Caroline Bergvall (London-based artist, writer and performer), Judd Morrissey (writer, code artist and professor, School of the Art Institute of Chicago), and Jennifer Scappettone (cross-disciplinary writer, scholar and professor, English and Committee on Creative Writing, University of Chicago) launch a series of experiments into the physical and poetic dimensions of breath: its channeling in the evolution and performance of human languages, and its molecular migrations through instruments, terrains, and times.
Supported by a Gray Center Mellon Foundation Collaborative Fellowship for Arts Practice and Scholarship, The Data That We Breathe encompassed a collaborative artists' residency as well as an interdisciplinary course at the University of Chicago, an experiment in which research, practice, and pedagogy interpermeated in the adaptive environment of The Gray Center Lab.
An initial intensive residency of collaborative teaching and creative experimentation culminated in a site-adaptive performance for 6018 North, a stripped house for arts and culture in Chicago.

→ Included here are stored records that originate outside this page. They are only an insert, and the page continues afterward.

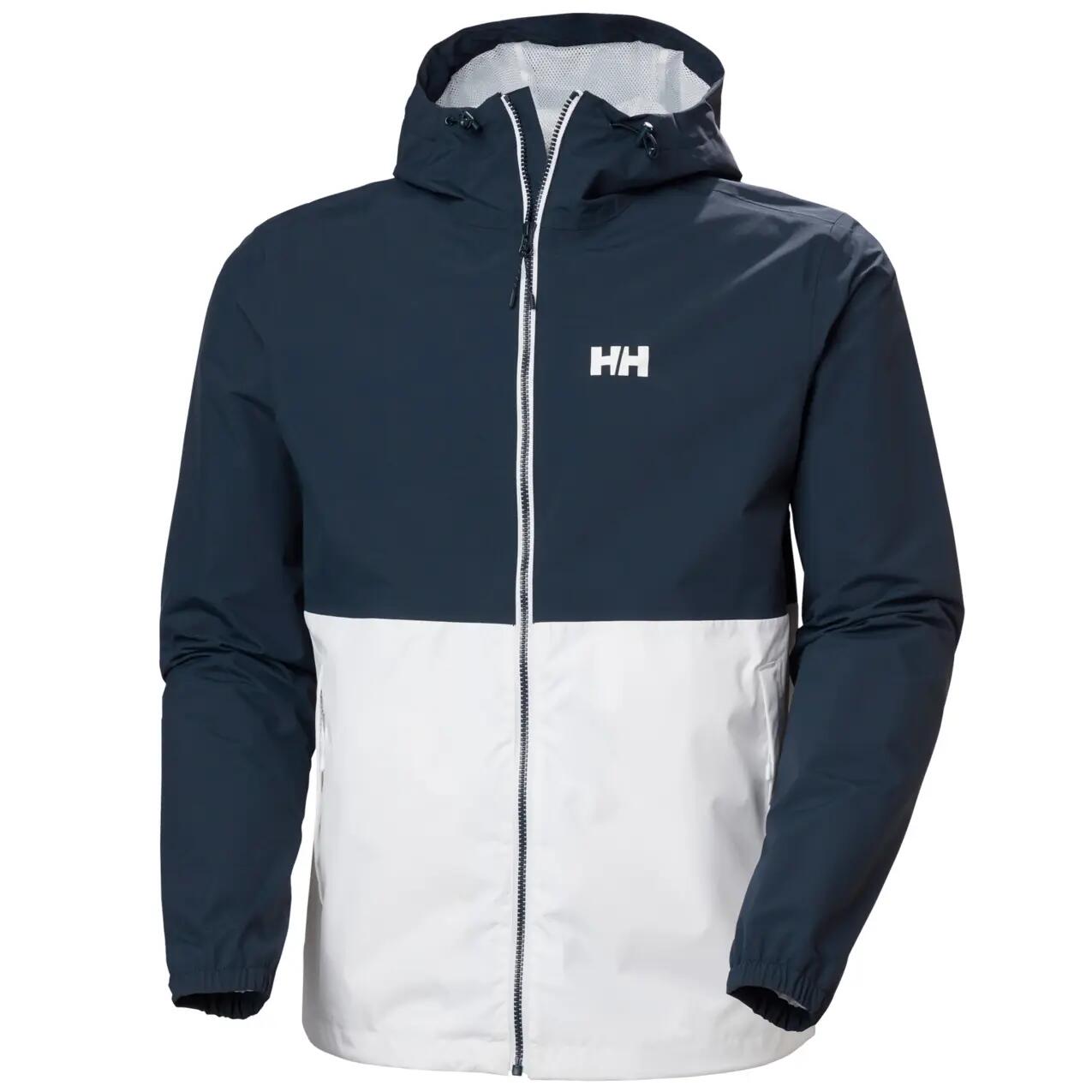 HELLY HANSEN picture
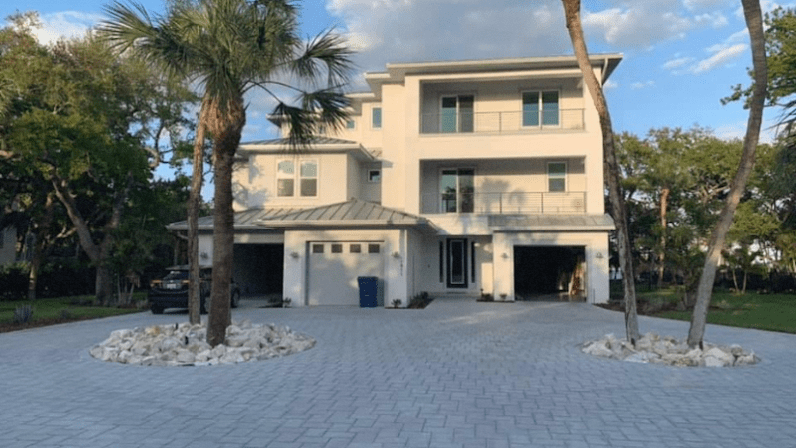 Riverview Stucco Repair Contractors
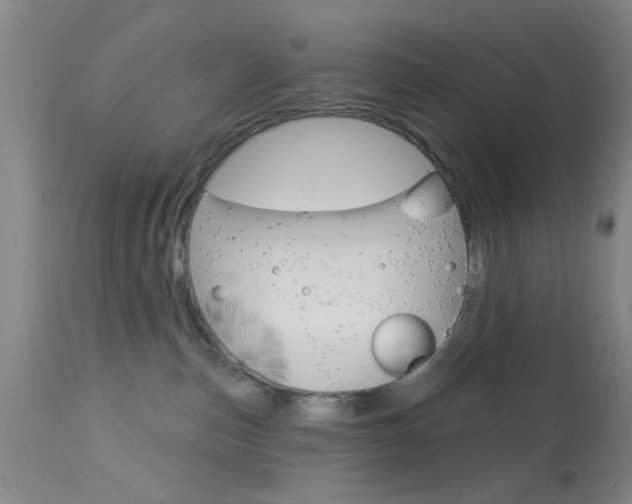 X0000114020187200910021025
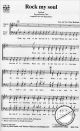 Titelbild für IRIS 1746-23 - ROCK MY SOUL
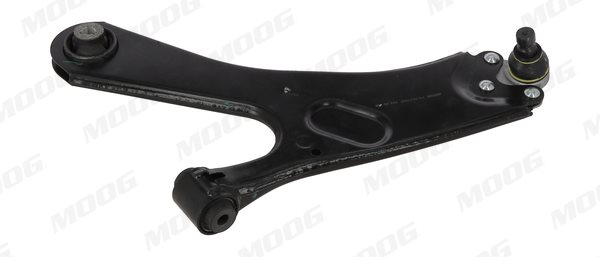 Wahacz/Drążek reakcyjny do Peugeota, PE-TC-17841, MOOG w ofercie sklepu e-autoparts.pl 
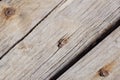 Wood Texture, Wooden Plank Grain Background, Desk Royalty Free Stock Photo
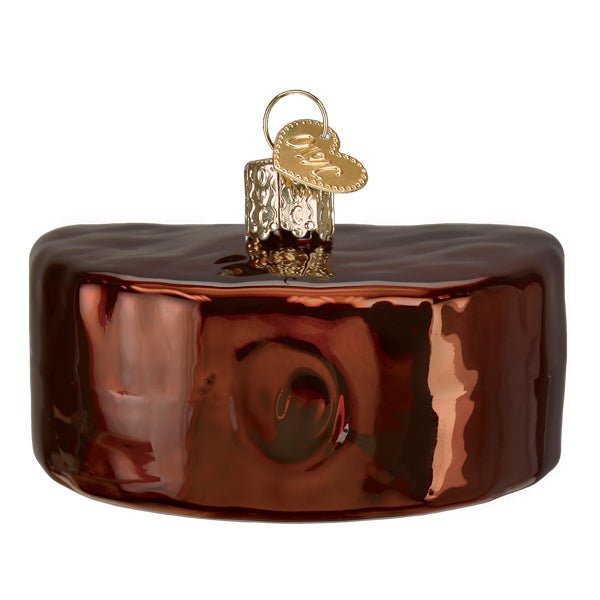 Hostess Ding Dong Ornament - themonogram manor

Invited by the IN>TIME performance festival, the event engaged the circulation of breath and air through the permeable walls and floors and explored copper as an infrastructural component of domestic interiors and telecommunications infrastructure. An aeloian visualization mapped an archive of texts to the wild air of the city.
The evening also included an invited performance by cris cheek, down with the dabs, and The Perplexity of Growth or Stagnation, a live installation by University of Chicago student and class participant, Andrew Bearnot.
A year-long project, The Data that We Breathe concluded in November 2017 with a performance of SMOKEPENNY LYRICHORD HEAVENBRED, a collaboration between myself, Jennifer Scappettone and Abraham Avnisan, along with a showing of documentation of Bergvall's new work, Ragadawn. In the last 6 months of the fellowship, following Bergvall's departure from Chicago, Jen, Abe, and myself studied the copper country in Michigan's upper peninsula. While Jen developed a poetic manuscript with live performance elements, Abe and I collaboratively coded software for augmented text, immersive visualization and telegraph encryption/decryption. The three of us researched and worked generatively with archival materials at the University of Michigan's Copper Country Historical Collections.